Ein Separatist inszeniert sich als tragischer Held
Madrid hat das Recht auf seiner Seite: Die Verfassung von 1978, in der den Regionen Autonomierechte zugestanden wurden, sieht keine Abstimmungen über einen Austritt aus dem Königreich vor. Deswegen hat auch das spanische Verfassungsgericht das vom Regionalparlament in Barcelona beschlossene Referendumsgesetz für ungültig erklärt. Ministerpräsident Mariano Rajoy will das exekutieren: Notfalls mit Polizeigewalt will er am Sonntag verhindern, dass Stimmzettel abgegeben und ausgezählt werden. Da sich die Zentralregierung nicht sicher sein kann, dass die katalanische Polizeitruppe Mossos d’Esquadra die Befehle aus Madrid befolgen wird, wurden zusätzliche Einheiten der Nationalpolizei und der Guardia Civil nach Katalonien geschickt. Am Sonntag könnte es zu einem wüsten Gerangel um Wahlurnen und Stimmzettel kommen.
Derweil setzt sich der Chef der Regionalregierung, der katalanische Nationalist Carles Puigdemont, als Unabhängigkeitskämpfer in Szene. Je mehr Druck aus Madrid ausgeübt wird – zuletzt wurde ihm sogar die Festnahme angedroht –, desto trotziger reagiert der Separatist. „Ich bestätige, dass es Urnen und Wahlzettel geben wird“, sagt Puigdemont. „Und noch wichtiger für die Abhaltung eines Referendums: Es wird Wähler geben.“
Was steckt hinter dem Unabhängigkeitsstreben?
Viele Katalanen fühlen sich aufgrund ihrer Geschichte, kulturellen Besonderheiten und der katalanischen Sprache als eigene Nation. Hinzu kommt, dass sich die wohlhabende Region im Nordosten Spaniens mit ihren Touristengebieten (Costa Brava) und ihrer Industrie (Seat-Autofabriken) im spanischen Staat mitunter wie eine Melkkuh behandelt fühlt. Auch wurde der Wunsch, Katalonien als „Nation“ zu bezeichnen, rüde zurückgewiesen. Dennoch existiert kein einhelliger Wunsch nach Abspaltung. Höchstens die Hälfte der Einwohner will offenbar weg von Spanien.
Die Separatisten wagen einen Ritt auf der Rasierklinge. Bei den letzten Regionalwahlen erhielten die Parteien, die für die Unabhängigkeit eintreten, nur eine knappe Mehrheit im Parlament, aber nicht einmal die meisten Stimmen. Mit der überhasteten Inszenierung des Referendums verdecken diese Politiker, dass sie über kein schlüssiges Konzept für einen unabhängigen Staat „Catalunya“ verfügen.
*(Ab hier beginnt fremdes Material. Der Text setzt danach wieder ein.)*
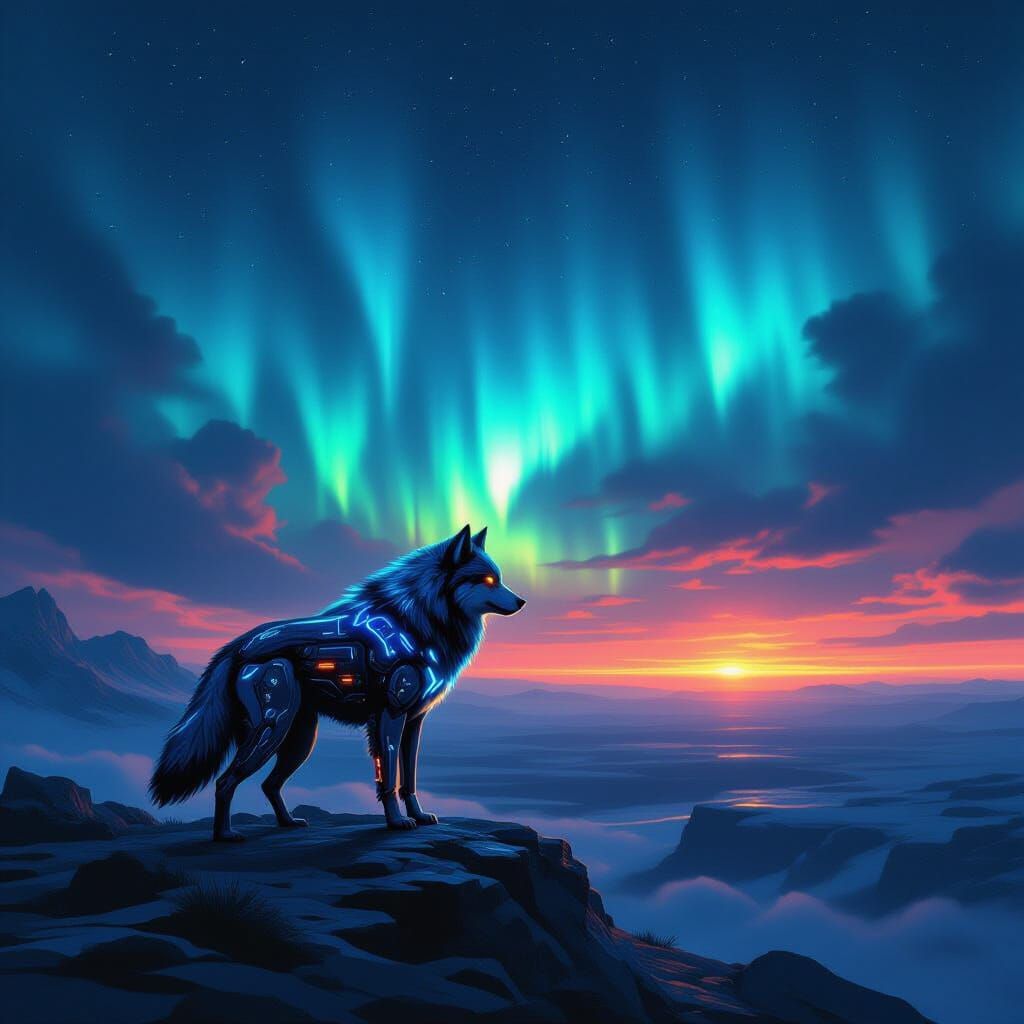 Cybernetic Wolf on Rocky Outcrop Under Neon Aurora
Und sie lenken von anderen Problemen wie der grassierenden Korruption ab. Geht es Puigdemont nur darum, sich als „tragischen Helden“ zu inszenieren? Als ein Andreas Hofer von Katalonien?
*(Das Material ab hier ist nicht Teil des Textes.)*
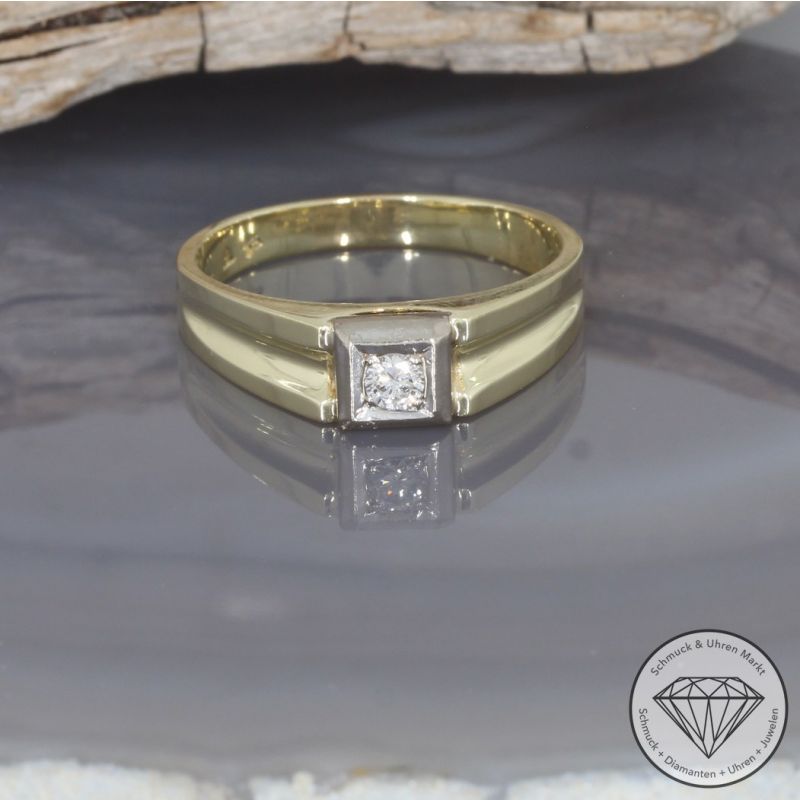 Wert 1990 € Solitär Brillant Ring (ca. 0,15 carat) in 585er 14 K Gelbgold - 98692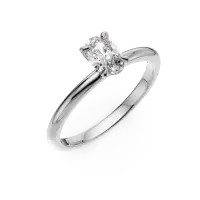 Inel de logodna din aur alb cu un diamant oval solitaire de 0.3ct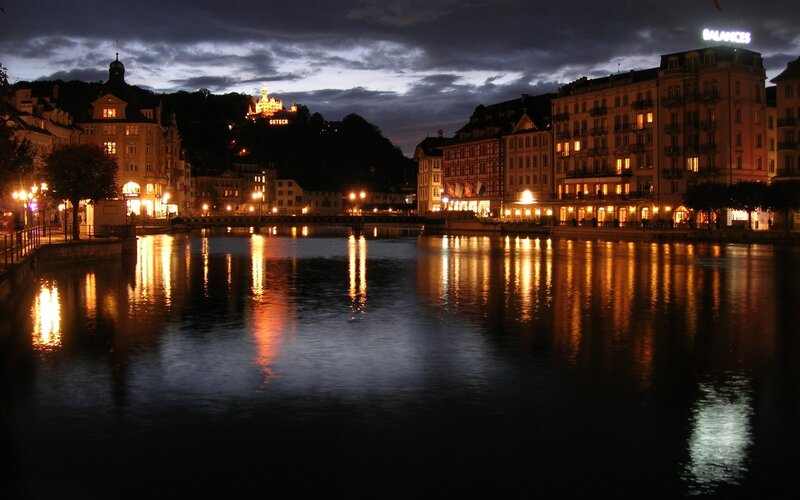 Evening view of a river city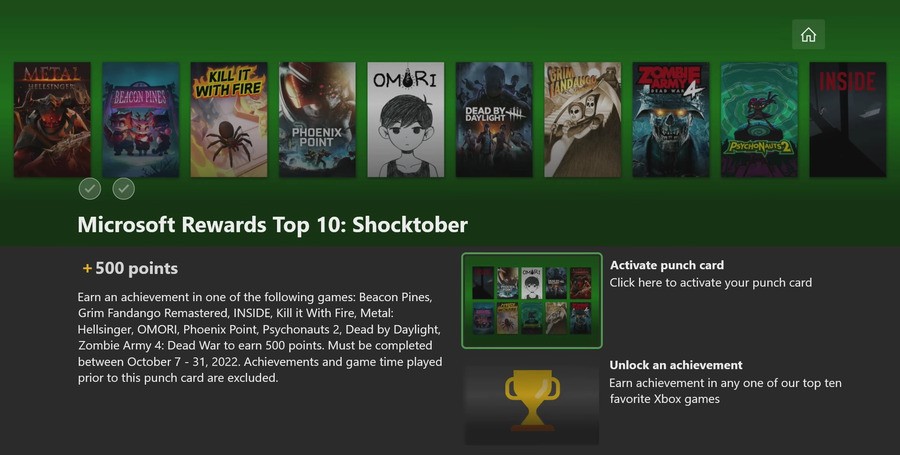 Microsoft Rewards: Ganhe 500 Easy Points com este novo 'Shocktober' Xbox Punch Card 2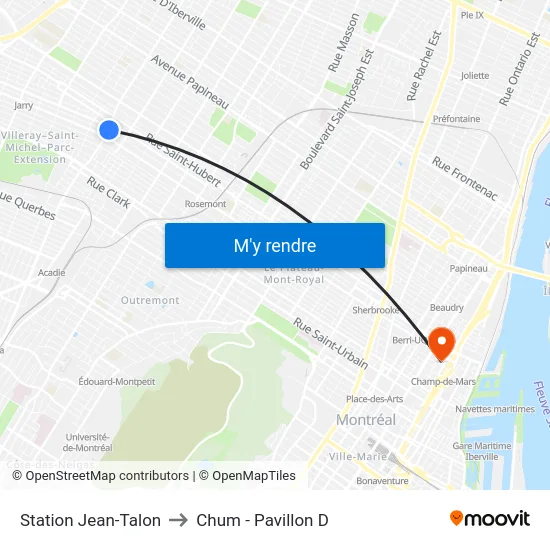 Station Jean-Talon to Chum - Pavillon D map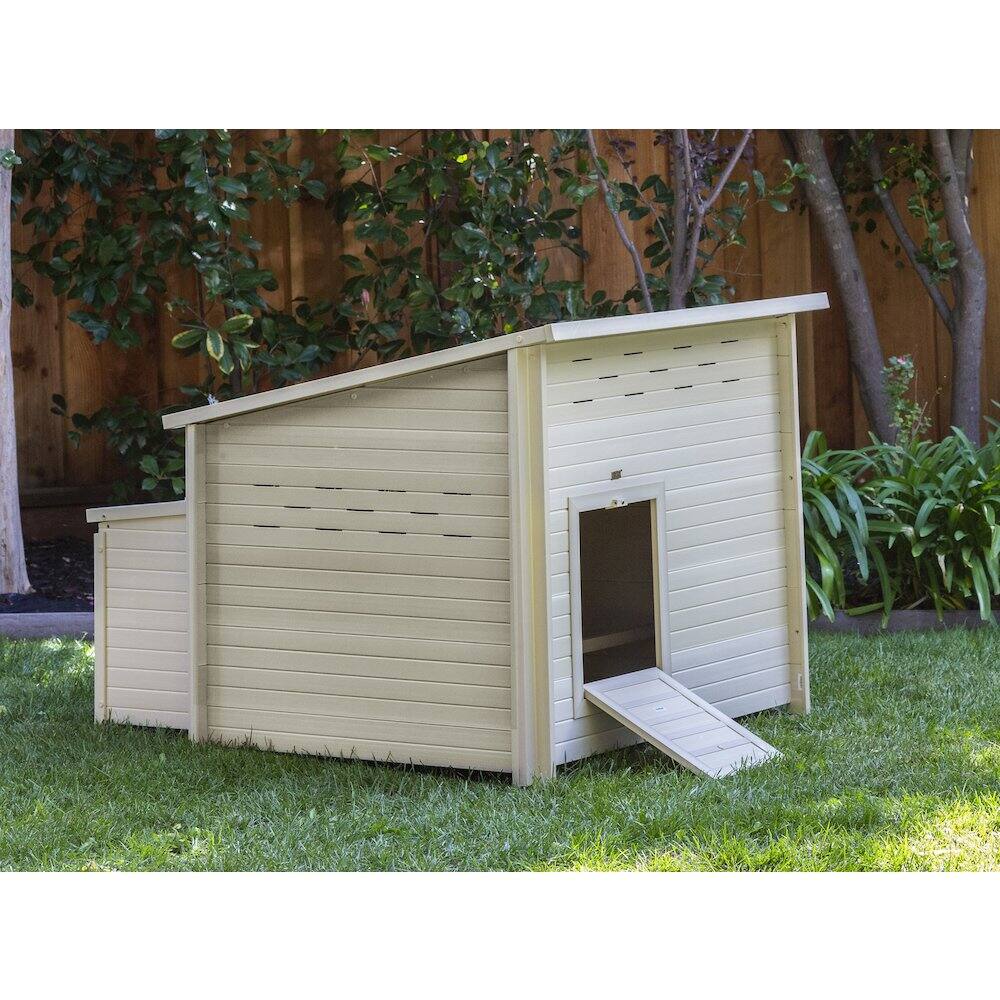 Angle. New Age Pet - ECOFLEX Jumbo Fontana Chicken Barn in Tan - Maple.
Referendum bringt kein demokratisches Ergebnis
Unter den aktuellen Bedingungen wird das Referendum nie und nimmer ein demokratisch sauberes Ergebnis bringen. Wer gegen die Abspaltung ist, wird an der illegalen Aktion erst gar nicht teilnehmen. Sollte zwei Tage später die Unabhängigkeit ausgerufen werden, wäre dies ein schlechter Witz. Die Zentralregierung würde dem mit Recht nicht tatenlos zusehen.
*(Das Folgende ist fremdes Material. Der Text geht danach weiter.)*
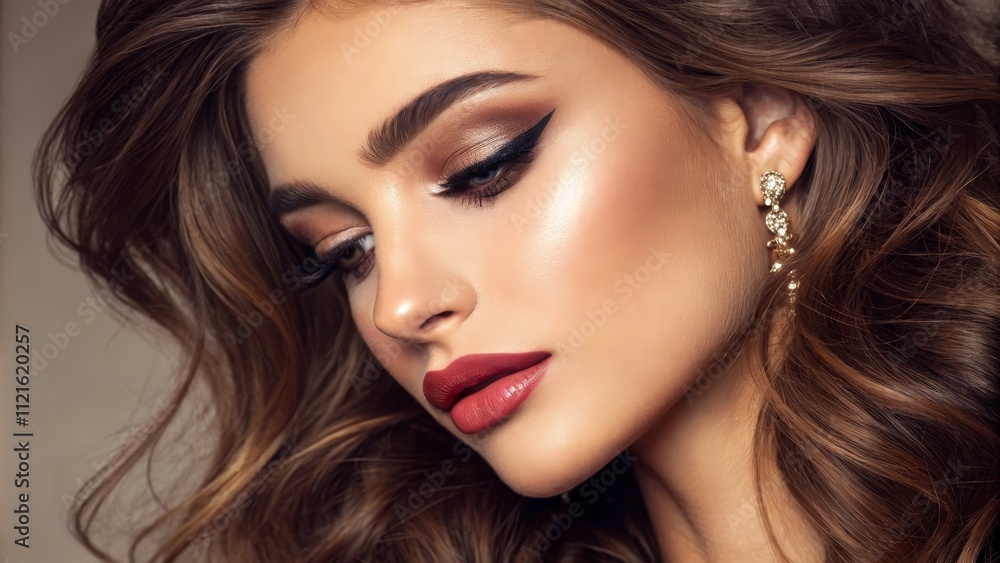 Elegant beauty portrait with bold makeup and luxurious jewelry Elegant beauty portrait with bold makeup and luxurious jewelry
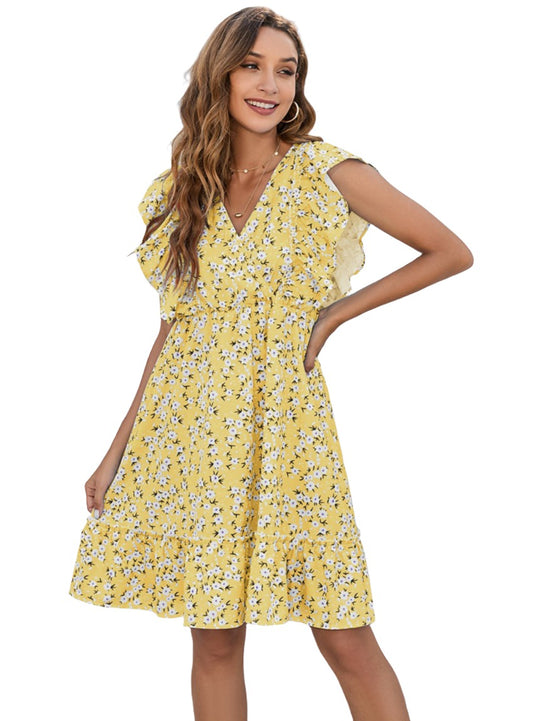 Embrace summer elegance with our Ruffled Floral Mini Dress, available in 4 colors for any occasion. Perfect fit for day-to-night charm.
Bisher hat es im Zusammenhang mit dem katalanischen Unabhängigkeitsstreben Demonstrationen, aber keine Krawalle und auch keine Terrorakte gegeben. Sollten jetzt Staatsmacht und Separatisten im offenen Konflikt aneinandergeraten, könnte das jedoch den Boden für künftige Gewalt bereiten. Die Verantwortlichen auf beiden Seiten scheinen sich dieser Gefahr gar nicht bewusst zu sein.